Weary.  Exhausted. Worn out. Bone tired. Totally drained. Stressed to the max.  Running on fumes.  Overwhelmed, wiped out and on the edge of burn-out… and too pooped to pop!

Now, if there’s anyone here this morning who hasn’t felt that way at some point or another in their lives; well, you might as well sing the final hymn, because you’re good to go this morning!  But… if you do know what it is to be that kind of tired, then you also know what a wonderful thing it is to finally be able to get some rest!

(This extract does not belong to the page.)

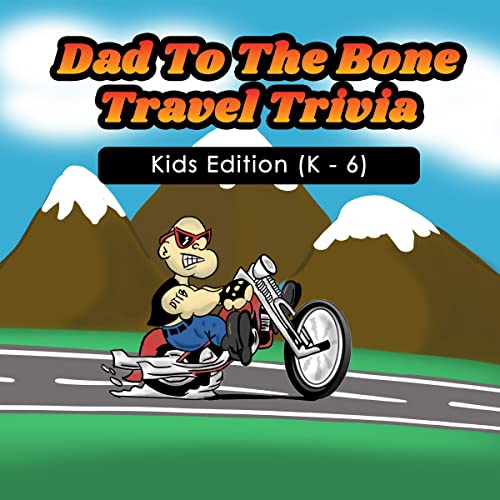 Dad to the Bone Travel Trivia by Dad To The Bone episode artwork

I remember many years ago on a warm summer day not too long after Lisa and I were married, I offered to help my father-in-law on his day off up in “the woodpile.”  Now, understand this wasn’t simply a matter of setting aside some firewood for the upcoming winter; at the time, along with driving a bread truck, my father-in-law had this side business of cutting, splitting, stacking, seasoning and later, delivering cords of firewood to half the population of Mapleton, Maine!  So for years Dale had to keep up with orders not only for that winter but also the one after that; and he was working on this on just about every day off he ever had!  So I’m thinking it’s good for me to help; it’s a way to bond with my father-in-law;  and besides, it’s a nice summer day, I can certainly use the exercise, and I’ve stacked some wood in my time; how hard can it be?

Well, suffice to say that even given the fact that I was 30 years younger in those days (!), at the end of roughly ten hours of lifting up these huge logs and putting them on the splitter, and then moving and stacking the pile of split pieces (only to find that there’s another pile of wood underneath that first pile!), I discovered muscles I didn’t even know I had; and every one of them hurt!  And I was tired; in fact, what I still remember is that at the end of the day I didn’t want to move, I didn’t want to talk, I didn’t want to eat… I just wanted to go to bed and to rest!  And I also remember my father-in-law laughing like crazy as he asked me if I up to going at it again tomorrow (and if I know me, I probably said, “Surrre!” which I’m sure made him laugh all the harder)!  I don’t think I had ever felt quite so weary and tired as I did that night!

Of course, there are other kinds of tired.  There’s being physically tired, yes, but you can also be emotionally and even spiritually tired, and it can happen in a variety of ways.  There’s the kind of tired, for instance, that comes from the hurrying and rushing around most of us do day in and day out, all for the sake of trying unsuccessfully “to get things done.”  There’s the kind of tired that’s the result of constant stress and worry: feeling perennially overwhelmed by what’s going on in your own life, or perhaps what’s happening in the lives of the people you love (and likewise, there’s a special kind of tired that’s reserved for all those who wholly devote themselves to the care and support of people they love, often at the expense of their own health and well-being!).  And there’s the kind of tired that you feel when you’ve been out there “fighting the good fight,” whatever that fight happens to be for you, and you’ve been doing it for so long you don’t think you have any fight left in you; and maybe you really don’t want to fight at all anymore; and that in and of itself is exhausting!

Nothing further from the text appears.